If you're compressing things that are already compressed (AVI, JPEG, MP3), you won't gain much other than packing everything in a single file.


Compression works by looking for repetitive patterns inside the items to compress. Also because you do not want to lose any data while compressing your files, the compression must be lossless(*).
Now with that in the back in your head, think about the way files (items) are stored on a computer.

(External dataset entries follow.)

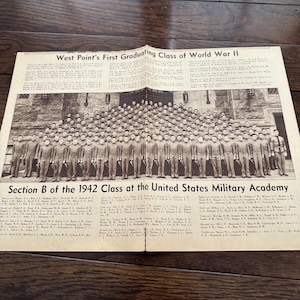 May include: A black and white printed document titled West Point's First Graduating Class of World War II and Section B of the 1942 Class at the United States Military Academy, featuring a large group photograph of cadets in uniform.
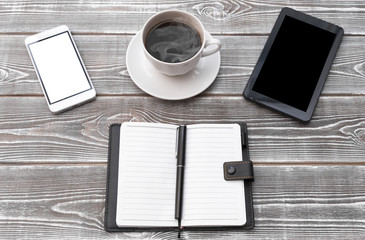 On a wooden table there is a cup of coffee, a cell phone, an address book, a pen, money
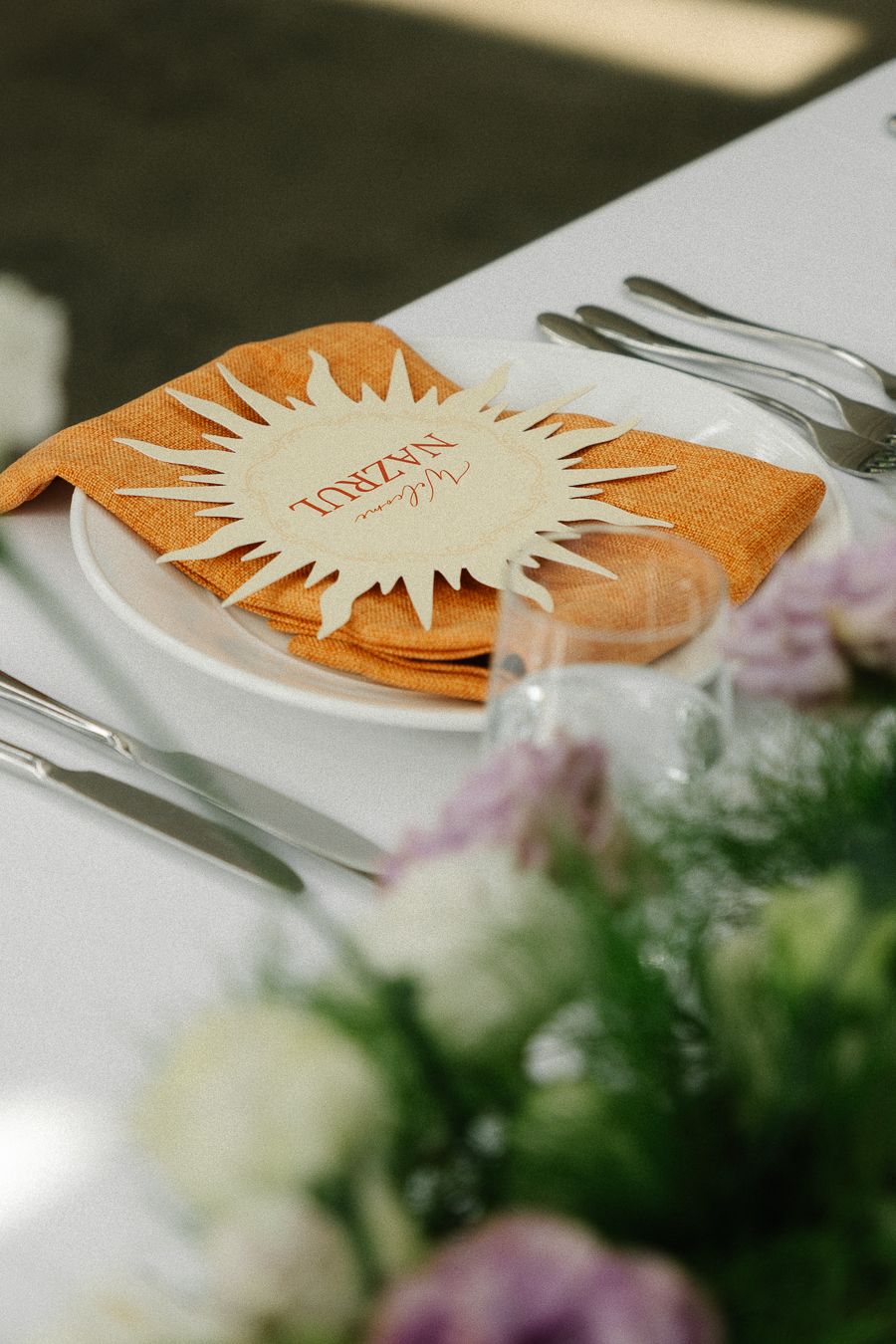 A blurred orange menu card or paper with text lies on a table with soft focus flowers in the foreground.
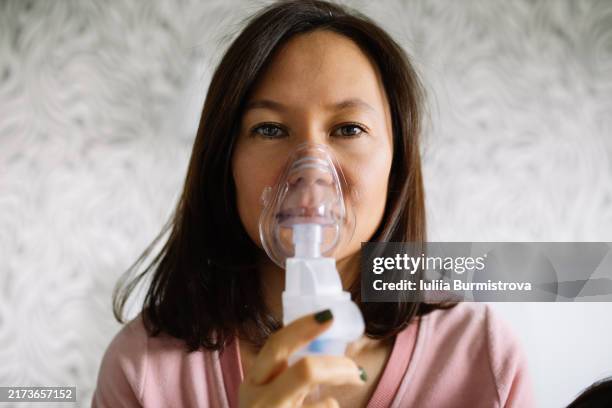 attractive lady uses nebulizer as part of self-care routine during challenging season of respiratory illnesses - nebulizer stock pictures, royalty-free photos & images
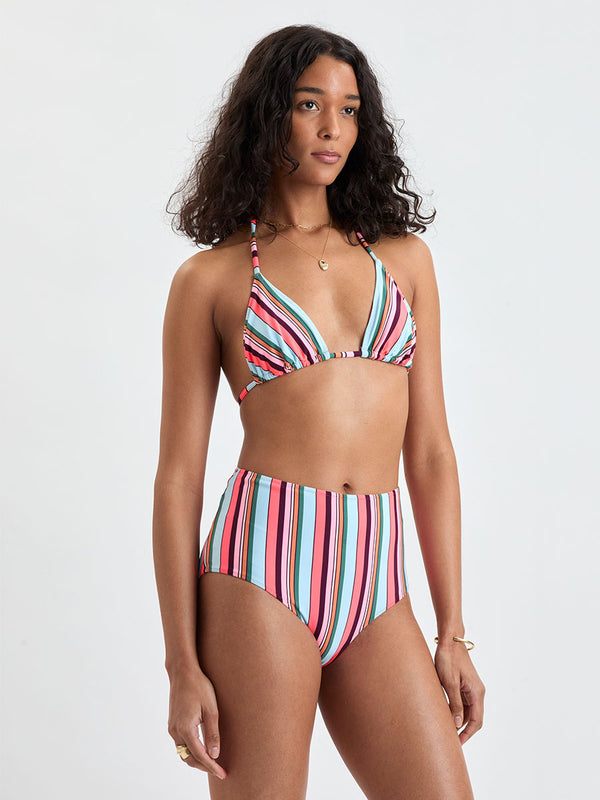 Woman wearing lemlem  MALIA Triangle top and ELSI High Waist Bottom featuring color block stripe pattern in white on sky blue background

At the lowest level, they are all just a bunch of 0's and 1's.

The question can thus be transformed to: "How can I represent a bunch of 1's and 0's in a more compact way than the original representation?"

So lets start from the beginning, how can you compact the normal representation of a single bit (a single 1 or a single 0)?
The answer is really easy: you can't!... a single bit is represented in the most compact manner possible.

Fair enough, let us take a bigger example, how would you compress a binary string like 0111 0111 0100 0111?
Well because we already know that looking at the individual bits won't help us at all, we know that we have to look at a bigger scale. For example, let's take 4 bits at a time. We now see that the binary string "0111" will occur 3 times in the example, so why don't we represent that with a single bit: 0? but this still leaves 0100 in the dark, so let us represent that with "1"
We know have compressed the original to: "0010"

That's really good! However this is just the basic of basics of the "Huffman encoding algorithm", and in the real world it will be a little more complicated than that (and you would also need to store a table with the encoding information in it, but that's a bit to far for answering this question).

Now to really answer your question: why can't all data be compressed that good?, well let's take another example: "0001 0110 1000 1111", if we would use the same technique as above we would not be able to compress the data (no repetition is found), and thus would not benefit from compression...


(*) there are of course exceptions on this. The most known example of this is the compression used for MP3 files. here some information about the sounds will get lost while converting it from the raw, original file, to the MP3 format, this compression is thus lossy. Another example is the .JPG format for images


The process of compressing takes repeatable patterns and tokenizes them to shorter patterns. The output is then mostly non-repeatable and therefore cannot be compressed by much, if at all.


From the Limitations section of the Wikipedia article on Lossless Compression:

Lossless data compression algorithms cannot guarantee compression for all input data sets. In other words, for any (lossless) data compression algorithm, there will be an input data set that does not get smaller when processed by the algorithm. This is easily proven with elementary mathematics using a counting argument. ...

Basically, it's theoretically impossible to compress all possible input data losslessly.